## PROVIDED RECORDS
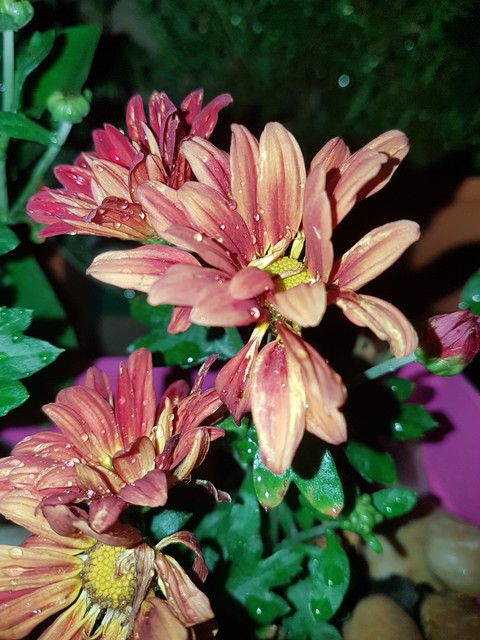 fonds d'écran groundcover, houseplant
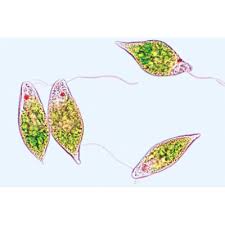 Thin, the organisms an operator would see under the microscope are ameoba and some flagellates. Microscope Slide Mixed Protozoa W M Siphoning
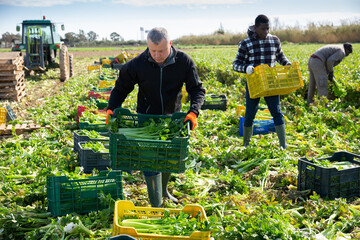 Experienced adult farmer working on vegetable plantation, stacking plastic boxes with freshly harvested green celery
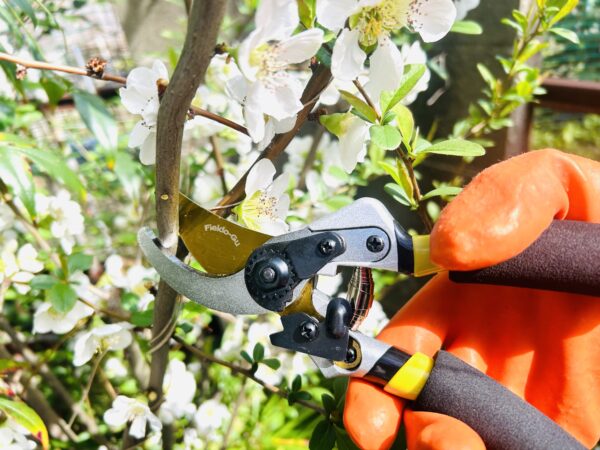 Bypass Pruning Shears Pro α 8" - Image 4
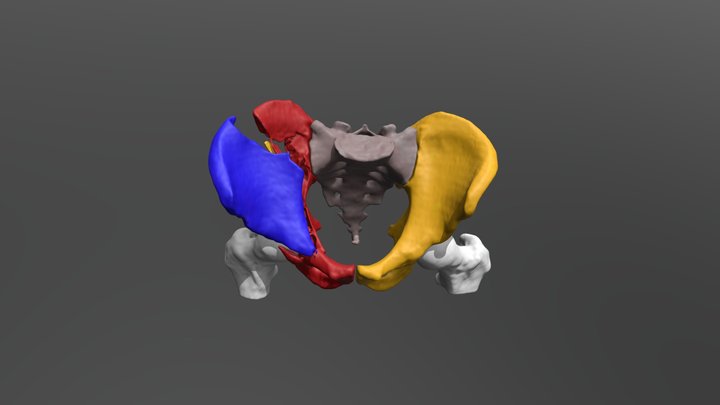 Acetabulum 3D models - Sketchfab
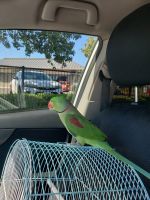Alexandrine parakeet Birds for sale in Stockton, CA, USA. price: NA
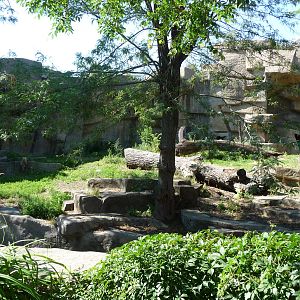 Brookfield Zoo - Lion Exhibit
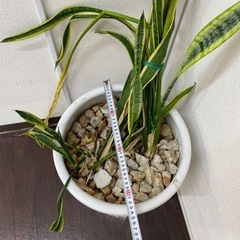 鉢　観葉植物の画像
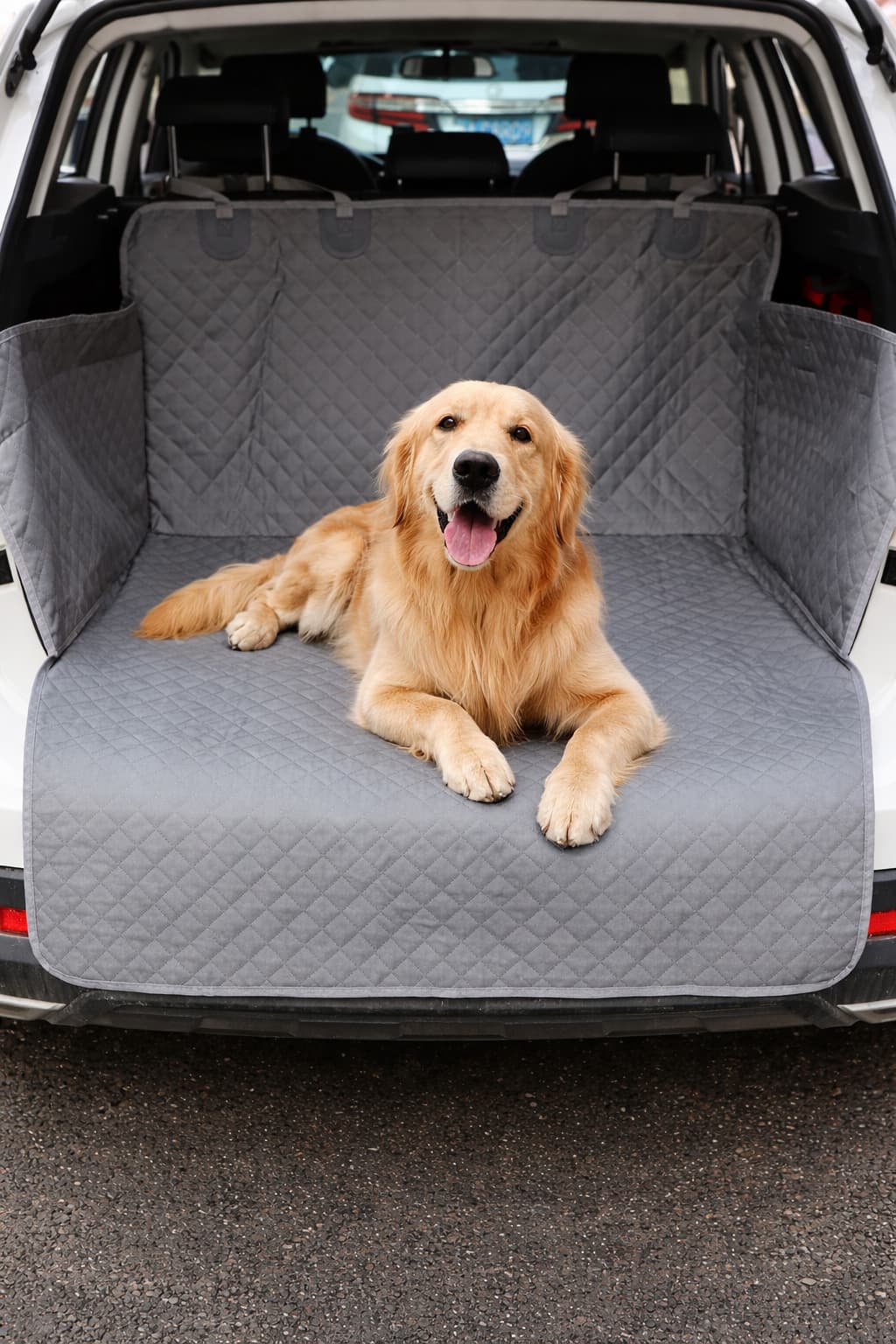 Hundedecke für den Kofferaum - Autoschondecke für Hunde für Hunde & Katzen – jetzt bei Furrivio™ kaufen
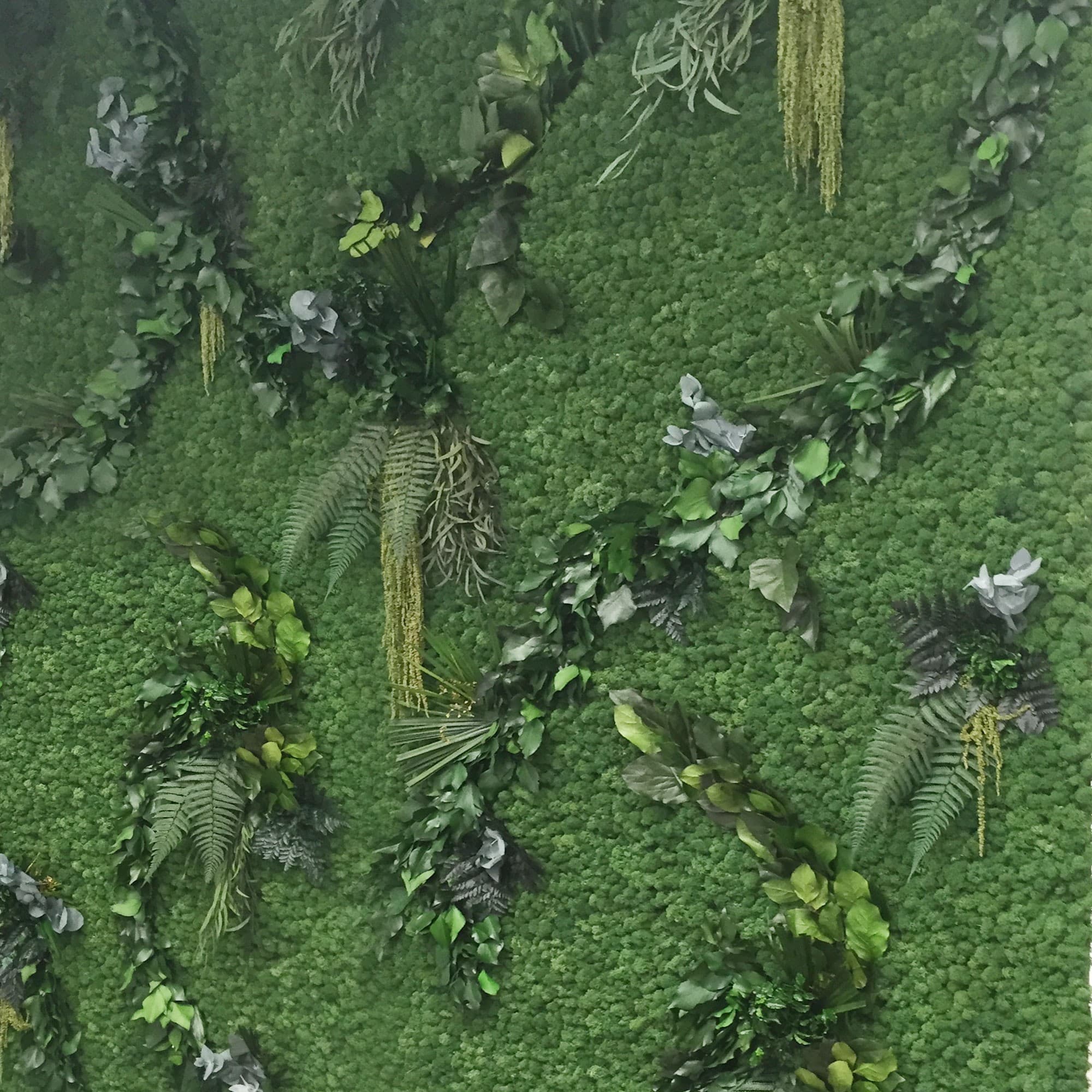 Adriani & Rossi Lichene con foglie — фото 1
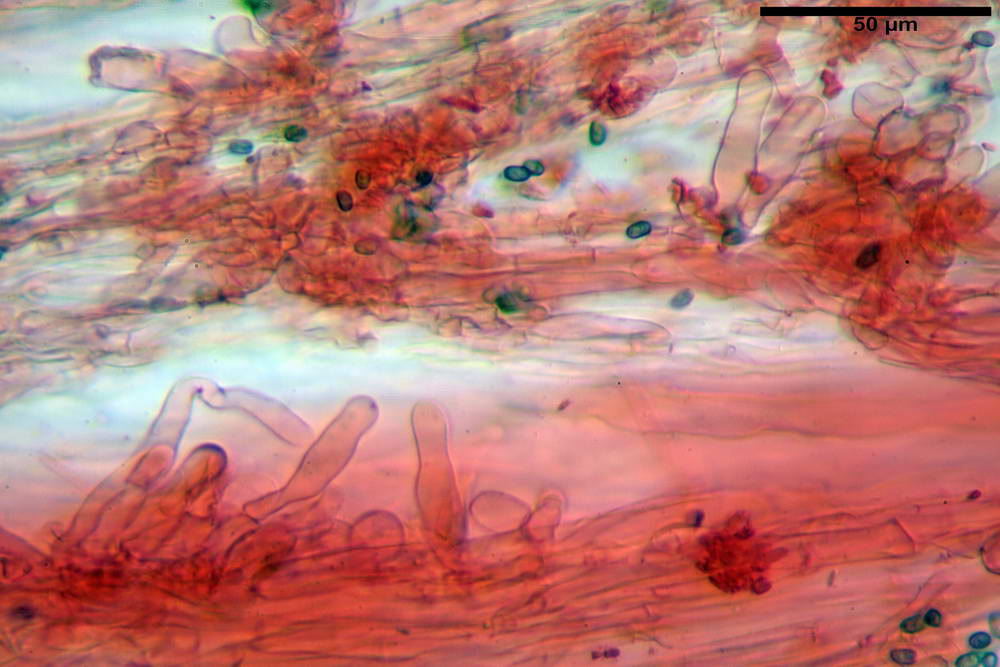 psathyrella hydrophila 43.jpg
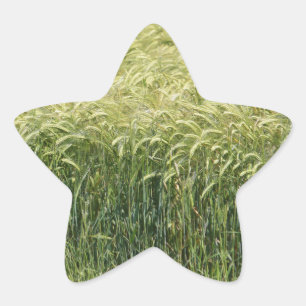 Wheat - Tasty! Star Sticker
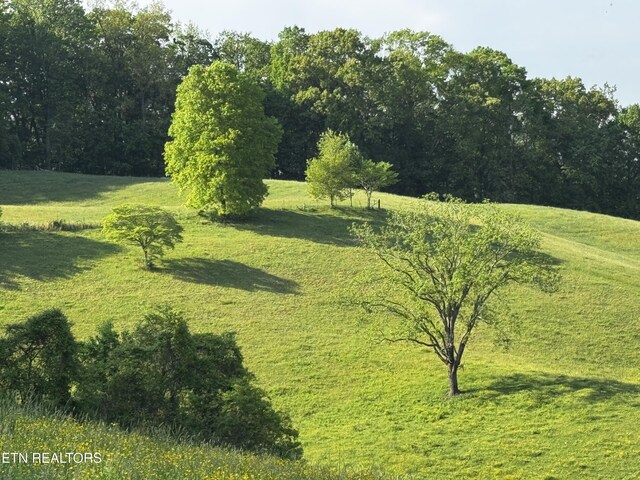 Baltimore Rd, Washburn, TN 37888 - photo 16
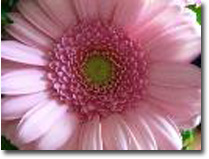 pink-flower-11_edited-1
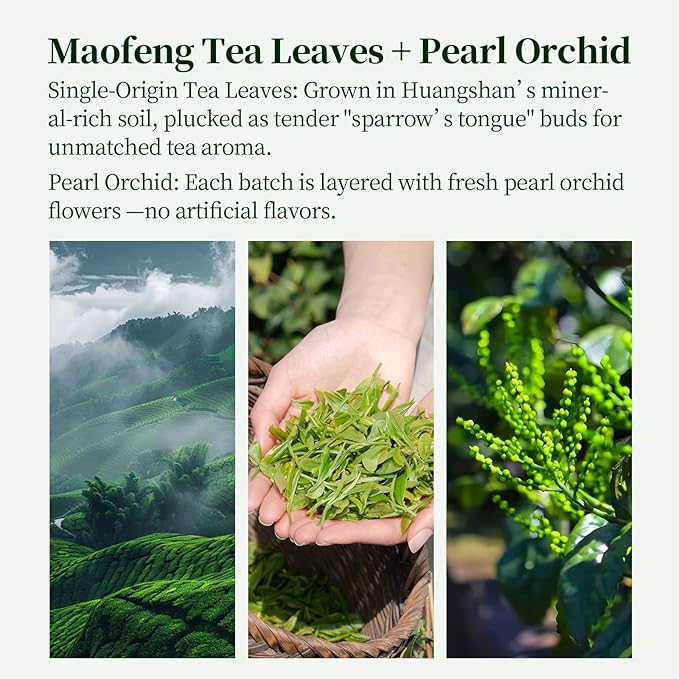 HANFANGLING Pearl Orchid Green Tea Huangshan Maofeng Green Tea Fresh And Refreshing Loose-Leaf Tea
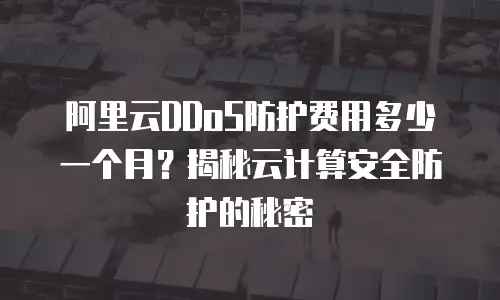 阿里云DDoS防护费用多少一个月？揭秘云计算安全防护的秘密
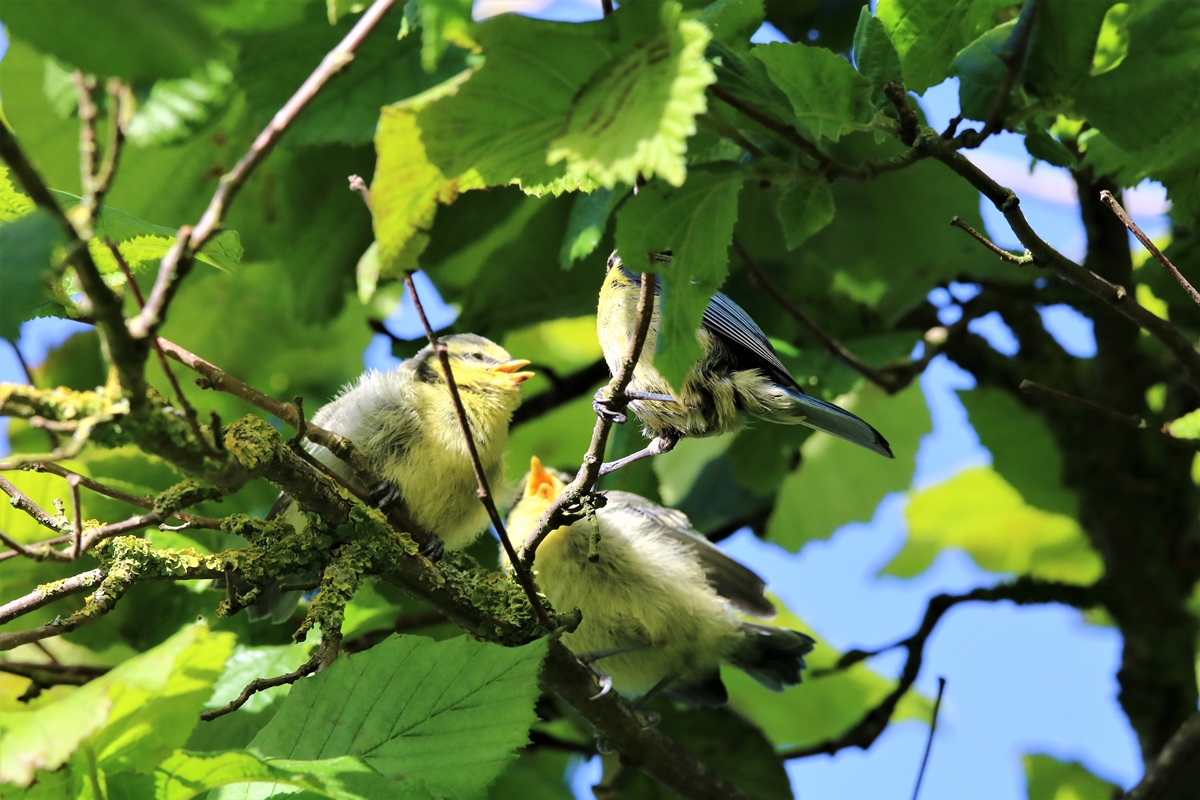 Envol nichées Mésanges Bleue nichoir Cyprès 23 Mai 2021 (4).JPG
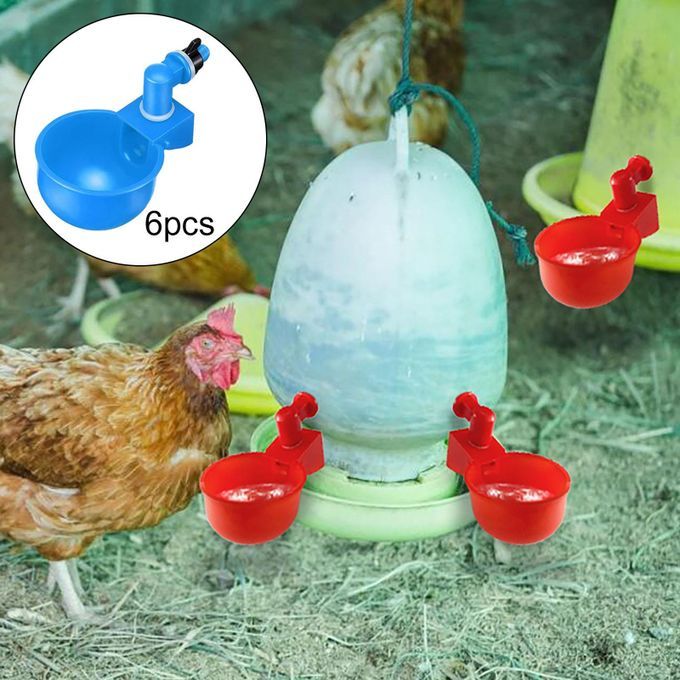 6 Pieces Birds Chicken Drinkers Cups Waterers Coop Ducks Pigeon Blue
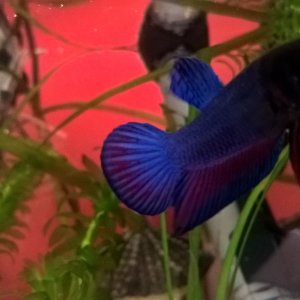 WP_20170525_08_48_10_Pro.jpg
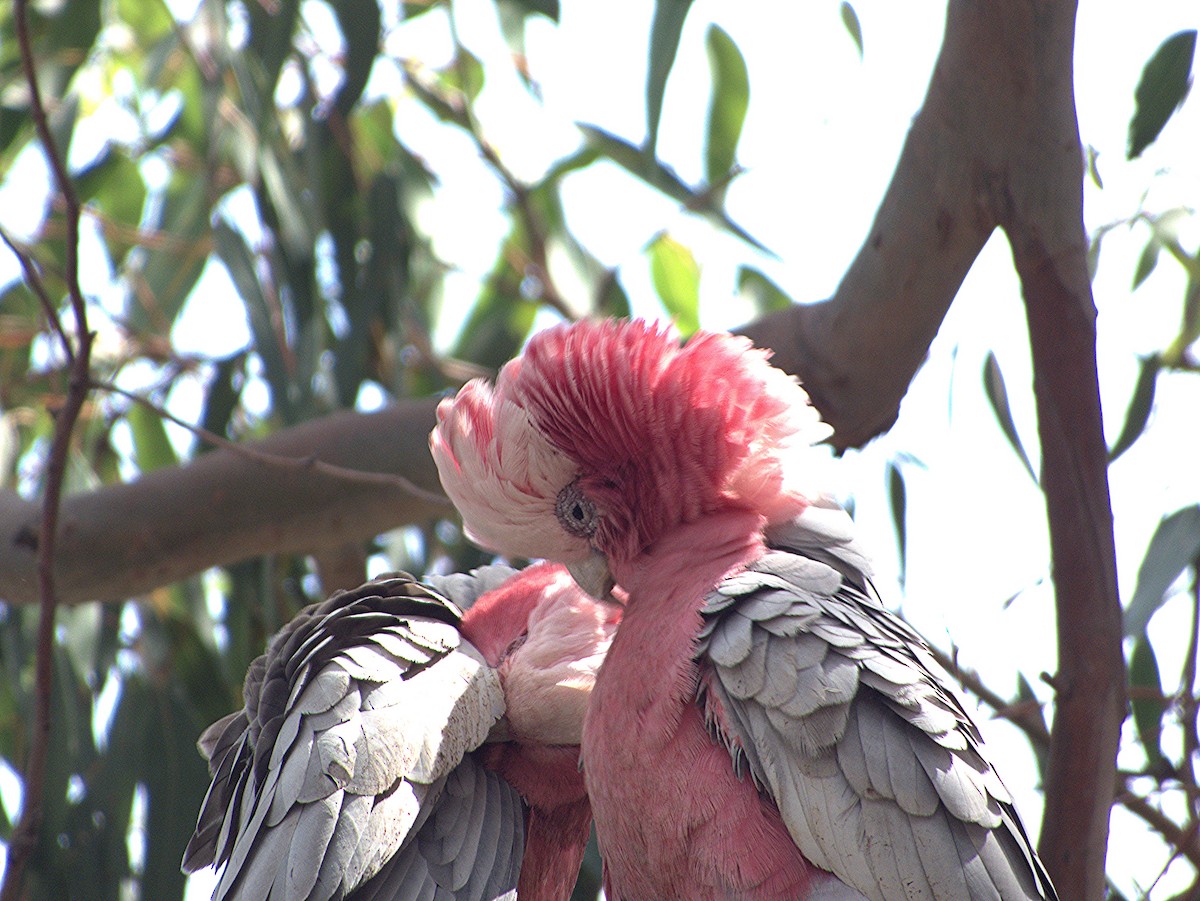 Galah - ML624577855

## ASSIGNMENT
Return each entry exactly as it appears above, but exclude the pictures.

## EXPECTED ANSWER
 fonds d'écran groundcover, houseplant
 Thin, the organisms an operator would see under the microscope are ameoba and some flagellates. Microscope Slide Mixed Protozoa W M Siphoning
 Experienced adult farmer working on vegetable plantation, stacking plastic boxes with freshly harvested green celery
 Bypass Pruning Shears Pro α 8" - Image 4
 Acetabulum 3D models - Sketchfab
Alexandrine parakeet Birds for sale in Stockton, CA, USA. price: NA
 Brookfield Zoo - Lion Exhibit
 鉢　観葉植物の画像
 Hundedecke für den Kofferaum - Autoschondecke für Hunde für Hunde & Katzen – jetzt bei Furrivio™ kaufen
 Adriani & Rossi Lichene con foglie — фото 1
 psathyrella hydrophila 43.jpg
 Wheat - Tasty! Star Sticker
 Baltimore Rd, Washburn, TN 37888 - photo 16
 pink-flower-11_edited-1
 HANFANGLING Pearl Orchid Green Tea Huangshan Maofeng Green Tea Fresh And Refreshing Loose-Leaf Tea
 阿里云DDoS防护费用多少一个月？揭秘云计算安全防护的秘密
 Envol nichées Mésanges Bleue nichoir Cyprès 23 Mai 2021 (4).JPG
 6 Pieces Birds Chicken Drinkers Cups Waterers Coop Ducks Pigeon Blue
 WP_20170525_08_48_10_Pro.jpg
 Galah - ML624577855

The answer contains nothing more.